┌──

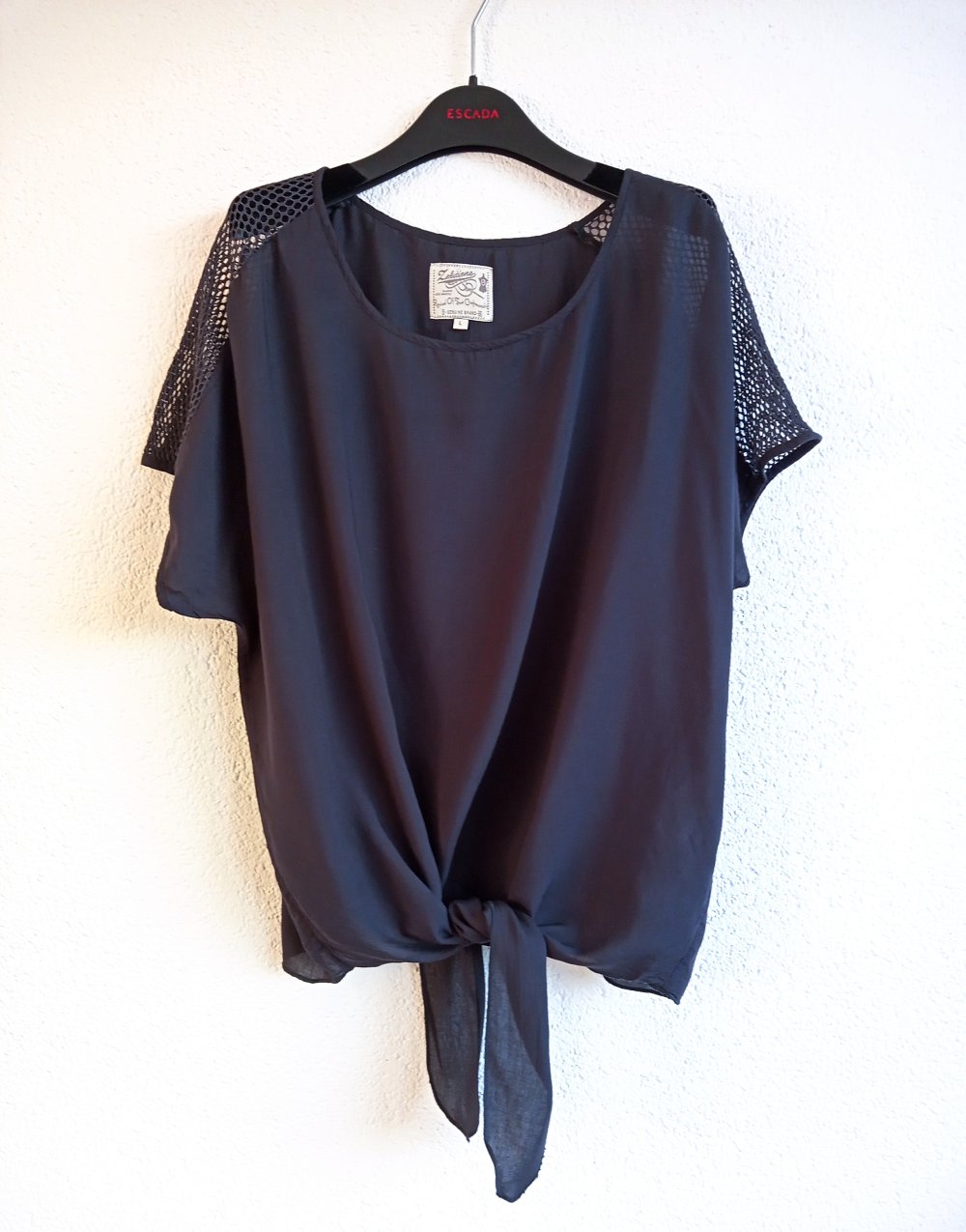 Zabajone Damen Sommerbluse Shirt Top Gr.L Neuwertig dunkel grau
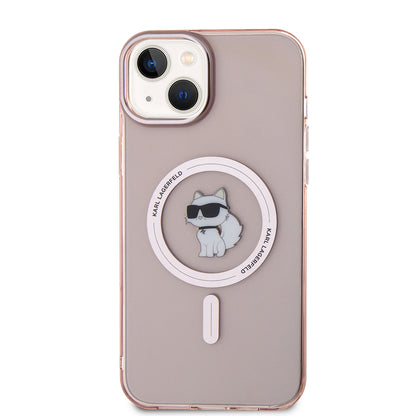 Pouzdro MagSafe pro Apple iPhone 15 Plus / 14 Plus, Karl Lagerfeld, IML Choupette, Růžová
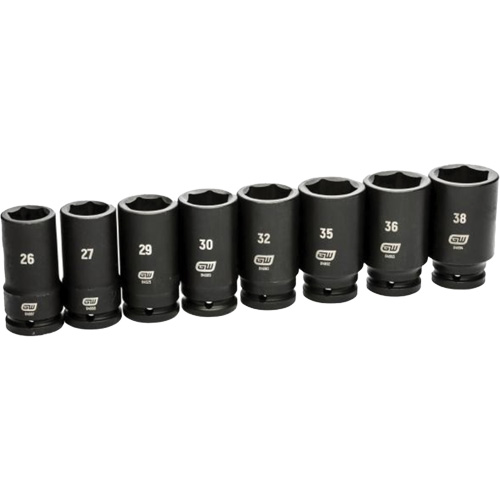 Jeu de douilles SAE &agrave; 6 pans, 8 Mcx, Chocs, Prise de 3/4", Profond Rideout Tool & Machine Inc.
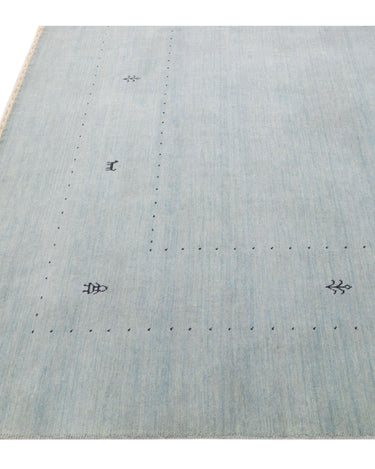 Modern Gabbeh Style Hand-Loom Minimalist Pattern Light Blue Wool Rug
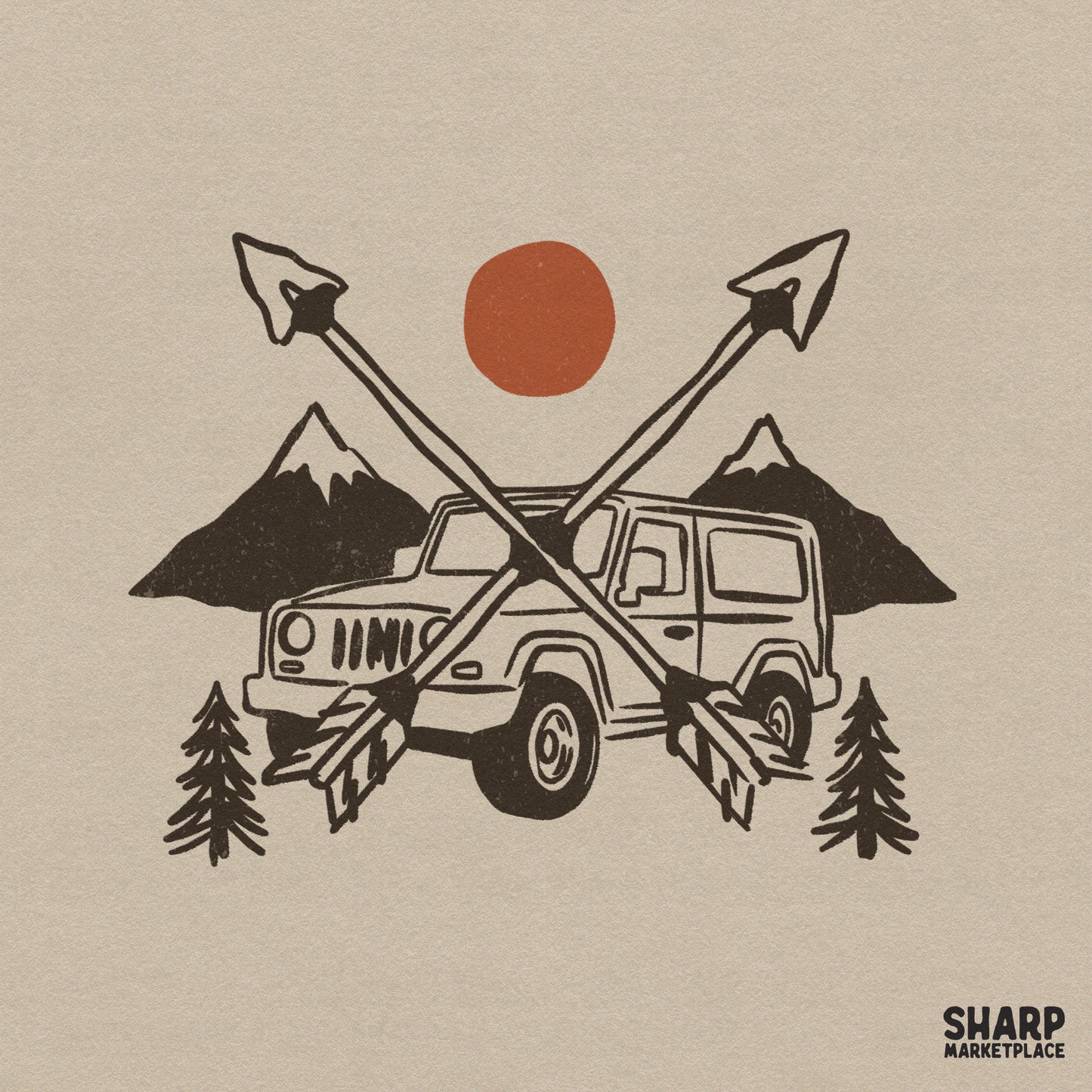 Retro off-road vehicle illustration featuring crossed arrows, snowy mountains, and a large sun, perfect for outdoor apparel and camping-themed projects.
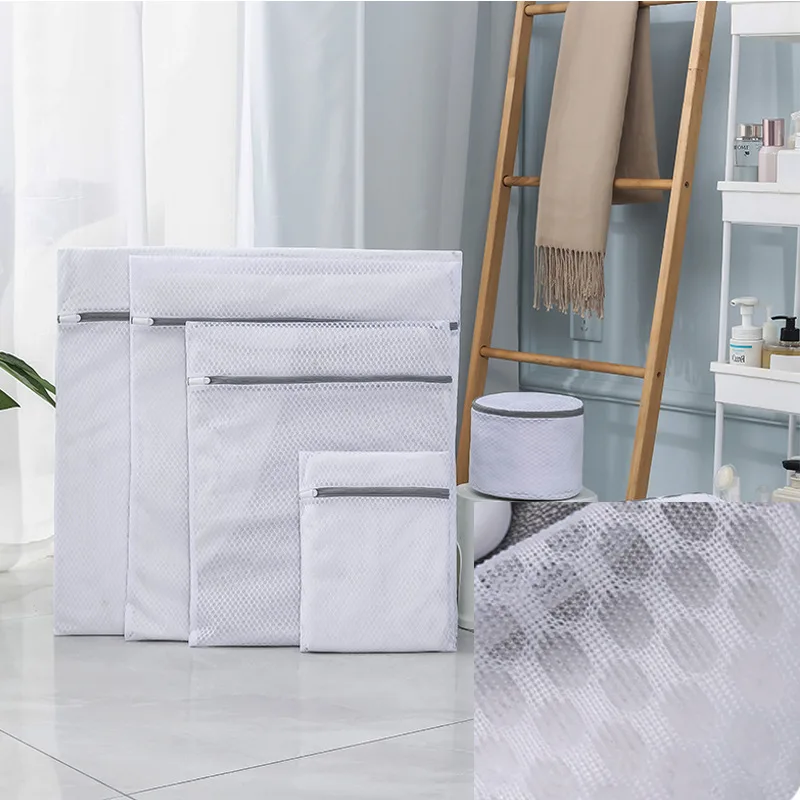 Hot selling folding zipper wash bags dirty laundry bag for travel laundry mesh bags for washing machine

└──

Task requirements
Render the data above verbatim and without pictures.

Response to the exercise
 Zabajone Damen Sommerbluse Shirt Top Gr.L Neuwertig dunkel grau
 Pouzdro MagSafe pro Apple iPhone 15 Plus / 14 Plus, Karl Lagerfeld, IML Choupette, Růžová
 Jeu de douilles SAE &agrave; 6 pans, 8 Mcx, Chocs, Prise de 3/4", Profond Rideout Tool & Machine Inc.
 Modern Gabbeh Style Hand-Loom Minimalist Pattern Light Blue Wool Rug
 Retro off-road vehicle illustration featuring crossed arrows, snowy mountains, and a large sun, perfect for outdoor apparel and camping-themed projects.
 Hot selling folding zipper wash bags dirty laundry bag for travel laundry mesh bags for washing machine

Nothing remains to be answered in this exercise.